Patch Set 9: Revert Patch Set 8 On 2018/07/12 10:30:37, kzar wrote: > Once you remove those extra comments this LGTM. Done. > I would like someone (ideally Sebastian) to take a second look at the > parseScript function however. We really don't want to fuck that one up. Yes, it would be nice if Sebastian took a look. I'll wait for his comments. https://codereview.adblockplus.org/29761597/diff/29828558/lib/snippets.js File lib/snippets.js (right): https://codereview.adblockplus.org/29761597/diff/29828558/lib/snippets.js#new... lib/snippets.js:92: // Whether the next character should be treated as an escape sequence. On 2018/07/12 10:30:37, kzar wrote: > I don't these new comments add much, and they are kind of patronising. I'd > prefer to remove them. Well I'm glad you think so, because I don't like to repeat the logic in the comments, it's harder to maintain (the comments need to be kept up to date). Done.
I wonder if the implementation would be simpler (and more robust) if we'd just handle quotes here, and then pass the individual tokens to JSON.parse() to handle other escapes.
On 2018/07/16 16:28:05, Sebastian Noack wrote: > I wonder if the implementation would be simpler (and more robust) if we'd just > handle quotes here, and then pass the individual tokens to JSON.parse() to > handle other escapes. Well then we would be implementing the JSON spec and not the Snippets spec. I don't think that's the way to do it.
On 2018/07/17 10:47:23, Manish Jethani wrote: > On 2018/07/16 16:28:05, Sebastian Noack wrote: > > I wonder if the implementation would be simpler (and more robust) if we'd just > > handle quotes here, and then pass the individual tokens to JSON.parse() to > > handle other escapes. > > Well then we would be implementing the JSON spec and not the Snippets spec. I > don't think that's the way to do it. Isn't this essentially the same in the case here?

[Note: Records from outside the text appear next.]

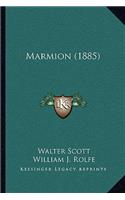 Marmion (1885): (English)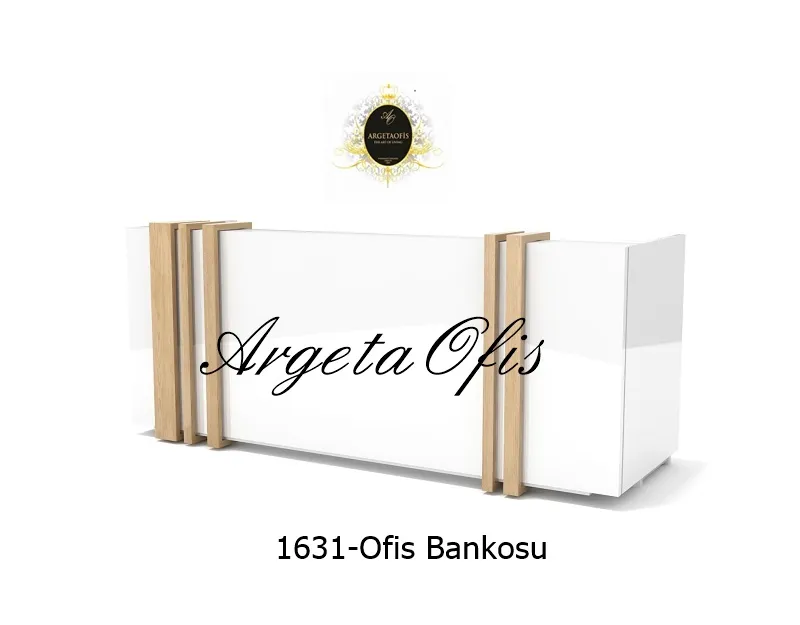 1631 Sekreter Bankosu - Prestijli tasarımlar 1631 Sekreter Bankosu
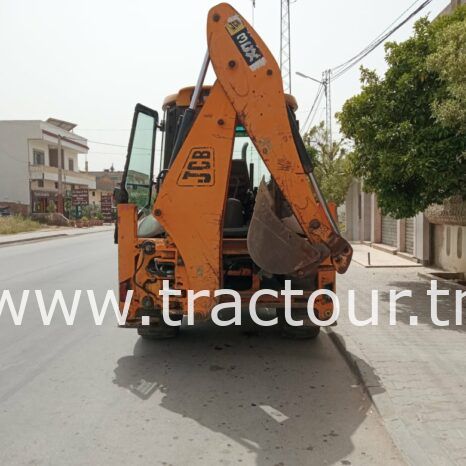 À vendre Tractopelle JCB 3CX (2010) complet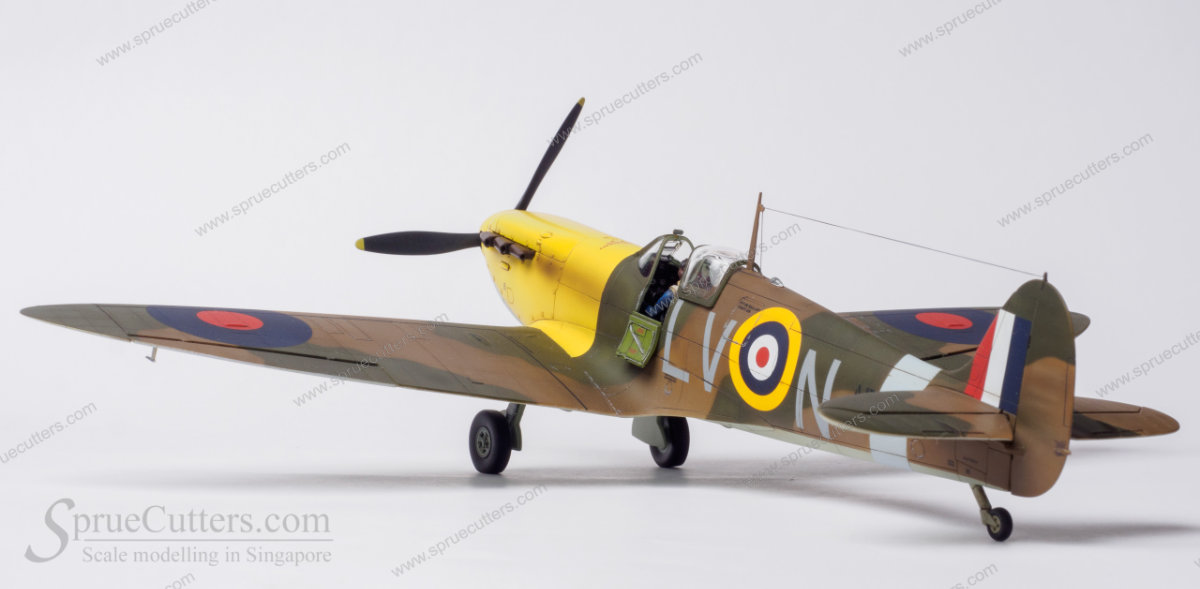 Spitfire Mk.I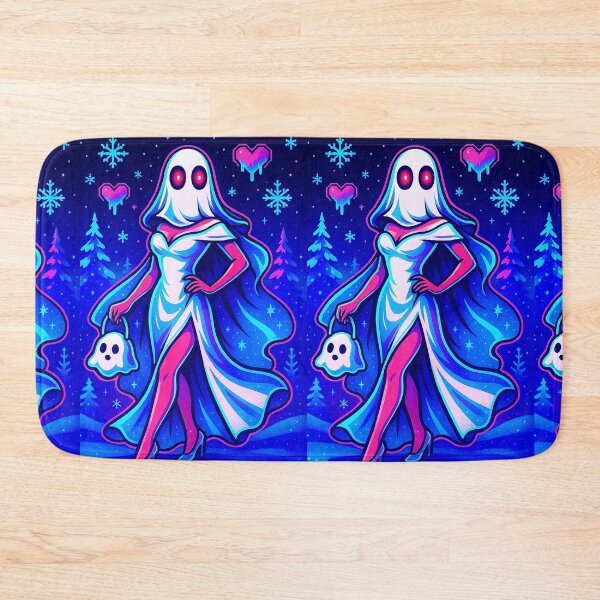 Item preview, Monster High Inspired vaporwave Ghost Ghoul Christmas designed and sold by Dreamy Panda Studio .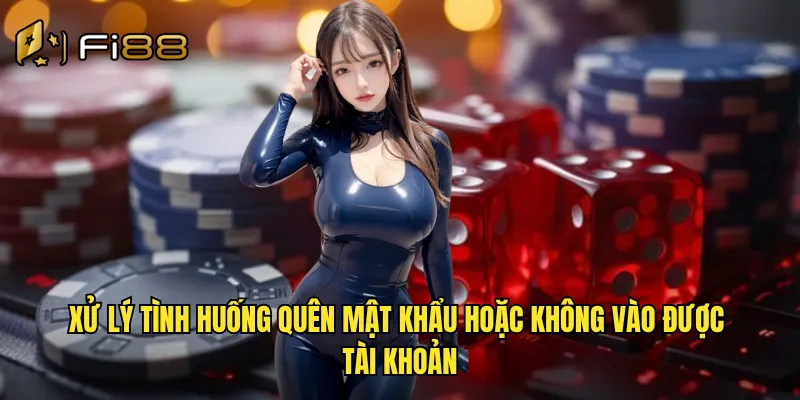 Đăng Nhập Fi88 An Toàn - Truy Cập Nhanh Vào Tài Khoản Của Bạn 3 Xử lý tình huống quên mật khẩu hoặc không vào được tài khoản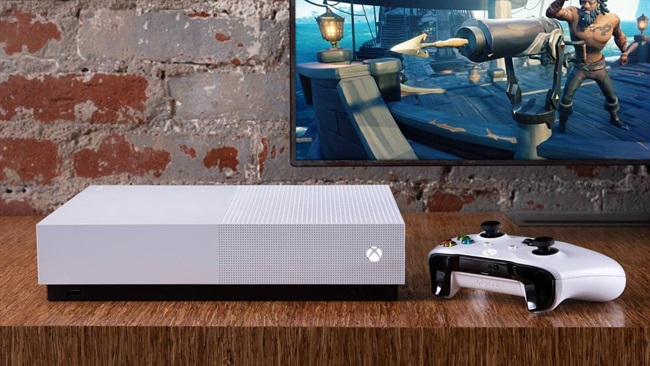 عرضه‌ی Xbox One S All Digital به قیمت ۲۴۹ دلار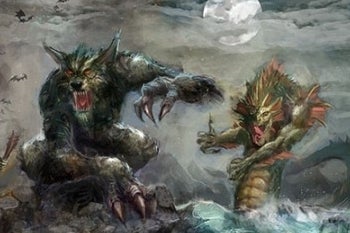 Unauthorised Ghosts 'n Goblins Kickstarter shut down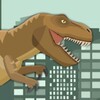 أيقونة Hybrid T-Rex: City Rampage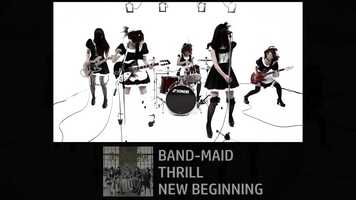 Free download Band Maid - Thrill [English lyrics + Music Video] video and edit with RedcoolMedia movie maker MovieStudio video editor online and AudioStudio audio editor onlin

Or if you want to be more explicit I guess the Snippets spec could just reference JSON.
On 2018/07/17 12:24:13, Sebastian Noack wrote: > On 2018/07/17 10:47:23, Manish Jethani wrote: > > On 2018/07/16 16:28:05, Sebastian Noack wrote: > > > I wonder if the implementation would be simpler (and more robust) if we'd > just > > > handle quotes here, and then pass the individual tokens to JSON.parse() to > > > handle other escapes. > > > > Well then we would be implementing the JSON spec and not the Snippets spec. I > > don't think that's the way to do it. > > Isn't this essentially the same in the case here? Or if you want to be more > explicit I guess the Snippets spec could just reference JSON. If you're suggesting that every argument, after adding the surrounding quotes, could be parsed as a JSON string, that somewhat makes sense. But in order to extract the arguments we would still have to go through the entire script, character by character. If we're going to do that, we might as well do the parsing of the arguments based on our own spec? There is more to JSON strings [1] than what we need in a snippet filter. JSON is more strict. For example, a sole "\x" is an error, whereas in our spec we simply treat it as an "x". We are more forgiving in what input we accept, which is how it should be, since this is not a programming language and is going to be used by non-programmers (so it's more like HTML than JavaScript). One more good reason not to implement JSON is that we're going to have to port this to C++ at some point and it would be really nice if we did not have the overhead of JSON. [1]: https://mathiasbynens.be/notes/javascript-escapes
On 2018/07/17 12:50:10, Manish Jethani wrote: > If you're suggesting that every argument, after adding the surrounding quotes, > could be parsed as a JSON string, that somewhat makes sense. Yes, this what I'm suggesting. > But in order to > extract the arguments we would still have to go through the entire script, > character by character. If we're going to do that, we might as well do the > parsing of the arguments based on our own spec? > > There is more to JSON strings [1] than what we need in a snippet filter. JSON is > more strict. For example, a sole "\x" is an error, whereas in our spec we simply > treat it as an "x". We are more forgiving in what input we accept, which is how > it should be, since this is not a programming language and is going to be used > by non-programmers (so it's more like HTML than JavaScript). > > One more good reason not to implement JSON is that we're going to have to port > this to C++ at some point and it would be really nice if we did not have the > overhead of JSON. Fair enough, LGTM. |